The terminals in the transistor are called Collector, Base & Emitter.
Although similar in construction, the particular way in which the layers
in a transistor are arranged give it some interesting properties.
The bipolar transistor functions as what is called a current controlled
current regulator. When a small current flows through the forward biased
base-emitter junction, a large current is also allowed to flow from
collector to emitter.
This seems counter-intuitive with the way you learned about diodes; a
reverse biased diode should not allow current through it. This emergent
property of the transistor is what gives it most of its uses, since a
little input current at the base generates a large output current
through the transistor, in essence it amplifies the current using an
external power source.
There are two types of bipolar transistors, PNP & NPN, named after the
combination of material types that make them up, they differ in
polarity of voltages applied. The explanations given are for NPN
transistors, use the reverse polarities for PNP transistors.
Transistor Operation
With collector connected to a more positive voltage than emitter & no
current flowing into the base of the transistor, no current flows from
collector to emitter, & the transistor is said to be in cutoff.
When the voltage applied to the base is slightly higher than the
junction voltage of the base emitter junction, some current starts to
flow from base to emitter, as well as from collector to emitter.

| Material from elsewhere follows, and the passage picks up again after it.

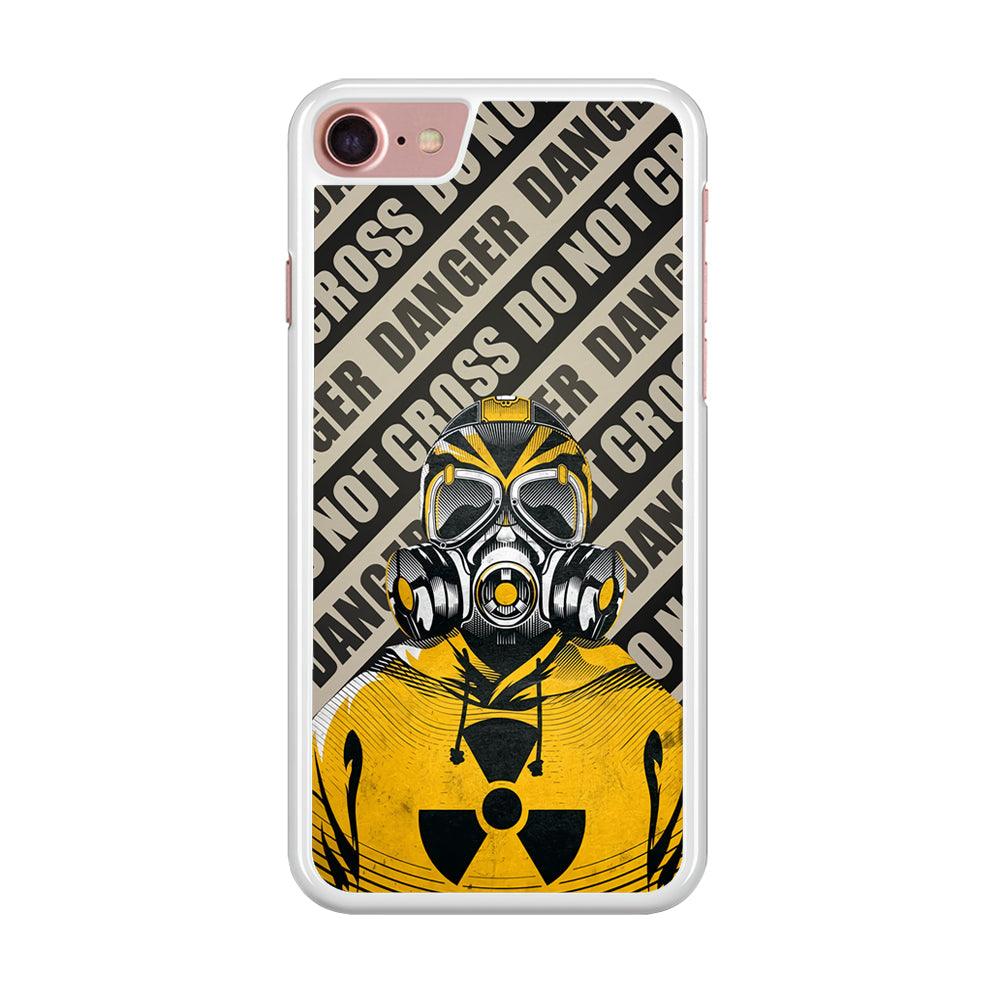 Safety from Dangerous Thing iPhone 8 Case-Oxvistore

The
current that flows through the collector is roughly the same as the
current going into the base times the current gain of the transistor
(Typically written as hfe or B [beta]).
Consider a transistor's collector connected directly to the voltage
source & the emitter connected to ground, by kirchoff's second law you
can see that the voltage the transistor gets will always be equal to
the supplied voltage.
In cutoff, no current flows through the transistor, so the voltage
source "sees" an infinite resistance, that is equivalent to an open
switch.
With only a voltage of a little over the junction voltage of base
emitter, let's say enough for 1mA to flow & a beta of 100, we get a
collector current of roughly 100mA. So in theory, if we supply 100mA we
should get a collector current of roughly 10A right?

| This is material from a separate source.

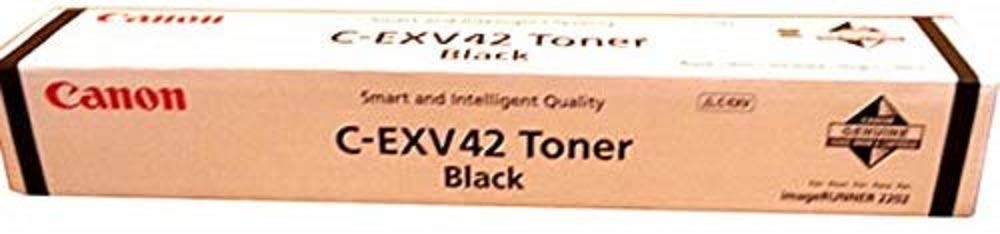 Canon 6908B002 C-EXV 42 Black Toner Cartridge 10.2K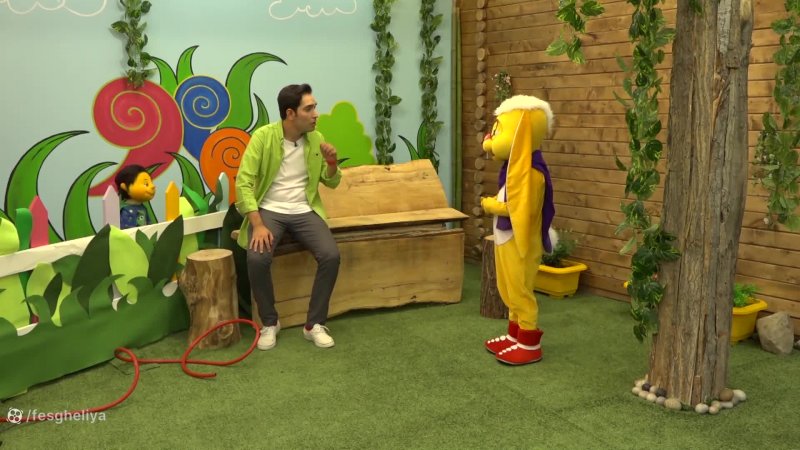 مشاغل پیش دبستانی - نمایش 4: آتش نشان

In theory, yes, that should be possible. In practice however, current
flowing through any conductor generates heat, & with small transistors
even a current of less than 500mA could be enough to create enough heat
to burn & destroy the transistor. There's also the fact that any
voltage source has a limit on the amount of current it can supply.
Let's now consider another similar circuit, now instead of being
connected directly to voltage ground, we use a resistor of 90 ohms as a
load the collector. Let's also use the base current again from the
previous example, 1mA & a voltage source of 10v.

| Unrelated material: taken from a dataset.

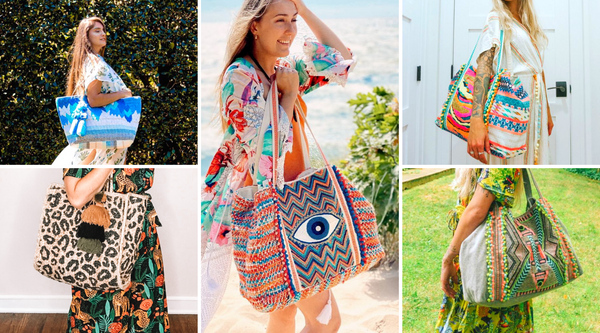 7 Beautiful Boho Tote Bags To Carry Everywhere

The theoretical collector current should be Ic = B Ib = 100 1mA = 100mA.
With 100mA flowing through it, the resistor gets an induced voltage of
9v, close to our voltage supply, with 1v across the transistor, we
account for all 10v of supply. But what happens if we increase the base
voltage to 2mA?
In theory, collector current should be Ic = 100 2mA = 200mA.
With 200mA flowing through it, the resistor should get an induced
voltage of 18v, which is clearly higher than our supply voltage. To
compensate, the transistor should have to be 8v lower than ground
potential, which it simply cannot do.
What happens in this situation is that the transistor will try to keep
the voltage across it as close to ground as it can to accommodate the
current that should be flowing through its collector. The base current
at which the transistor cannot lower the voltage across it , in other
words the transistor is fully on, is called the saturation current, &
the state itself called saturation.